I grew up an hour north of Manhattan’s Grand Central Station, where, during high school, my standard order at my suburban local, The Croton Colonial, was an all-American breakfast for dinner: three-egg omelet, home fries, toast. Quickly cooked with lots of butter, the exterior of the omelet always came out uneven, with coffee-colored pockmarks where the eggs came in contact with the hottest parts of the pan. Though it wasn’t all that well-made, and I was really only there to be with friends, for whatever reason that omelet filled me to content.
I’ve always found comfort in the arms of a diner, no matter where I am in the world. It’s a familiar place, full of succinctness and a straightforward menu. At the end of last year, I spent a few days in Tokyo, after a quick business trip just before the holidays. In hopes of filling up on stocking stuffers, I woke up way too early to beat the crowds in Ginza’s shopping district. Having been to the city a handful of times, I’ve landed on a jet-lagged morning routine that involves picking up a cold can of Boss Coffee, black as midnight, from 7-Eleven, with an emergency onigiri to throw in my back pocket, just in case I can’t find a bakery with warm curry donuts.

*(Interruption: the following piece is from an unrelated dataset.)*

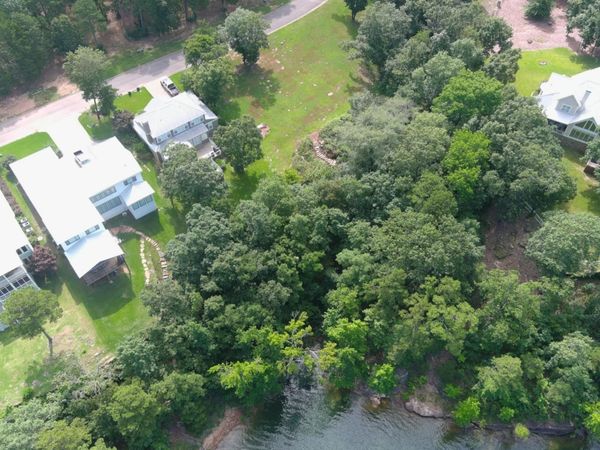 77 Brighton Pointe , Heber Springs, AR 72543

That morning, with my onigiri in pocket (I’d found the donut), I walked past a subdued red awning. I wouldn’t have noticed it if not for “Rengatei” emanating in large block letters. This place had been on my bucket list forever, but sadly it was Sunday, the only day it’s closed. The century-old Rengatei is known as the originator of the Japanese omelet known as omurice, a contraction of the words omu and raisu, or omelet and rice. Since returning from my trip, I’ve been told that Hokkyokusei in Osaka was actually the first restaurant to serve omurice. But in Tokyo, Rengatei is church.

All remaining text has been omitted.